A day after the stampede at the Godavari Maha Pushkaram, order returned to the bathing ghats in this city on Wednesday and the mood changed from funereal to festive. Police and revenue officers worked to bring systems under control and kept a watch on the proceedings.
Safety bandobust was stepped up at the ghats, particularly the Pushkar Ghat at the gates of which 28 people died in Tuesday’s stampede. Pilgrims moved along in streamlined queues to the bathing areas. The striking difference in the arrangements seen on Wednesday was the erection of barricaded queue lines right up to the ghat entry points, which had been missing on Tuesday. The queues discharged pilgrims directly onto the ghats and minders ensured that there was no build-up of people at any point.
The absence of this simple regulatory measure was clearly the cause of the stampede on Tuesday morning: Pilgrims milled restlessly on the town side of the gates while the vast forecourt of the bathing ghat was empty. And when the gates were thrown open suddenly, a river of people gushed out with horrific consequences.
The scene at this gate on Wednesday was a complete contrast to what it was 24 hours earlier: where people desperately tried to scale up the gates or hauled aloft their children to protect them from the heaving crush on Tuesday, pilgrims marched along in peace until they reached the ghats on Wednesday.
To everybody’s surprise, queues have come up near the NTR statue at the ghat too, which had been kept open for free movement of VVIPs’ vehicles.

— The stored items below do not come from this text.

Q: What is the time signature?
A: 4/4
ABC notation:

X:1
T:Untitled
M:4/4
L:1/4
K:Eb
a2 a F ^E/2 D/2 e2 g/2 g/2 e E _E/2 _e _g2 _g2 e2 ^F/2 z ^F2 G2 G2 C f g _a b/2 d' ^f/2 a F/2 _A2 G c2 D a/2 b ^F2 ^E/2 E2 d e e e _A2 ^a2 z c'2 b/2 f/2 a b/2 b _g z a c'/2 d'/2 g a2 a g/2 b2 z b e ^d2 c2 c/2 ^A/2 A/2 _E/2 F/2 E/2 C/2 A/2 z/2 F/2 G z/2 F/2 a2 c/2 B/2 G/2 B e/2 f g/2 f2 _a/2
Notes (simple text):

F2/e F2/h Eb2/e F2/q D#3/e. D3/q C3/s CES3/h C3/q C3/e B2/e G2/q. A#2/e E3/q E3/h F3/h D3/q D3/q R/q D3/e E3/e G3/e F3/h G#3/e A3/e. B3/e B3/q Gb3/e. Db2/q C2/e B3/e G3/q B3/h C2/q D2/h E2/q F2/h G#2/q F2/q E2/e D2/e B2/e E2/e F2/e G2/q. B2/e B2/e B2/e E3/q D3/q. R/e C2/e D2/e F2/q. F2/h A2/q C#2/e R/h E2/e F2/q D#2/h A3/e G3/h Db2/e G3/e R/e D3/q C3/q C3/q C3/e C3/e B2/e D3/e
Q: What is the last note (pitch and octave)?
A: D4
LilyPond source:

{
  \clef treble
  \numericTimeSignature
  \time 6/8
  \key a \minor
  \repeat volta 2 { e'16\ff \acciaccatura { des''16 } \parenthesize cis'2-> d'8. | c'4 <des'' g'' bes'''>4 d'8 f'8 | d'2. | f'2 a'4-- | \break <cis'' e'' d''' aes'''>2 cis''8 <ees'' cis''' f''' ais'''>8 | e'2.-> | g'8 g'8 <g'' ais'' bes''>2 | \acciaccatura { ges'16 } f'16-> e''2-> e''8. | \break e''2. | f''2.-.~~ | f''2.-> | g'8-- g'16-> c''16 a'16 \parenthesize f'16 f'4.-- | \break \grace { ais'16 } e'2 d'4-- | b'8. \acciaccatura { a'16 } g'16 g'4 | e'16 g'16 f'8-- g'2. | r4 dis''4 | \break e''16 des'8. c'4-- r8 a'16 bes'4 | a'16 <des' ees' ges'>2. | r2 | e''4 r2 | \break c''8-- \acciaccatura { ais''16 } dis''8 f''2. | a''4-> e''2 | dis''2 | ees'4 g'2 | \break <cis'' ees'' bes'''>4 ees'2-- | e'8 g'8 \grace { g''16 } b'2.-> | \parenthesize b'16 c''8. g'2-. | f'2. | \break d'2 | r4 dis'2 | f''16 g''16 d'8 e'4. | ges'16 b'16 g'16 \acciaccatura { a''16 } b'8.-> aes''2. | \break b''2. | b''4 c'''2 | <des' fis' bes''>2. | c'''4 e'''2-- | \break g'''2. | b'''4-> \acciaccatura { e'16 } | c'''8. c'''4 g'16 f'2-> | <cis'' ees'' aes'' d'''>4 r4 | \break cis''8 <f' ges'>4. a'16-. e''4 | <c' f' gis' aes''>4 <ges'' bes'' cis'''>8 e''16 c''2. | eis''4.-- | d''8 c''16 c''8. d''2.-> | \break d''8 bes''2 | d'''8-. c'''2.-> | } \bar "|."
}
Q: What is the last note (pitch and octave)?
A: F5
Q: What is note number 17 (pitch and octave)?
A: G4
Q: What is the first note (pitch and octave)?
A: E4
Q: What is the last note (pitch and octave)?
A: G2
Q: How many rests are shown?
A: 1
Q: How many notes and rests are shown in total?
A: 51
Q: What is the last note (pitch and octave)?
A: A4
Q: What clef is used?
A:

It was here that Chief Minister N. Chandrababu Naidu’s convoy was parked on Tuesday eventually getting marooned among a sea of pilgrims. This glitch too was rectified on Wednesday, with lines taking pilgrims past this stretch too.
Secondly, volunteers from organisations such as Satya Sai Seva Samithi, have been enlisted in huge numbers to man the queues at the Pushkar Ghat.
At the Kotilingala ghat, the largest bathing ghat in the country, RSS cadres took over crowd management. Students from various colleges in the city, National Service Scheme (NSS) volunteers and members of various NGOs were positioned at the bathing ghats to help and regulate the crowd.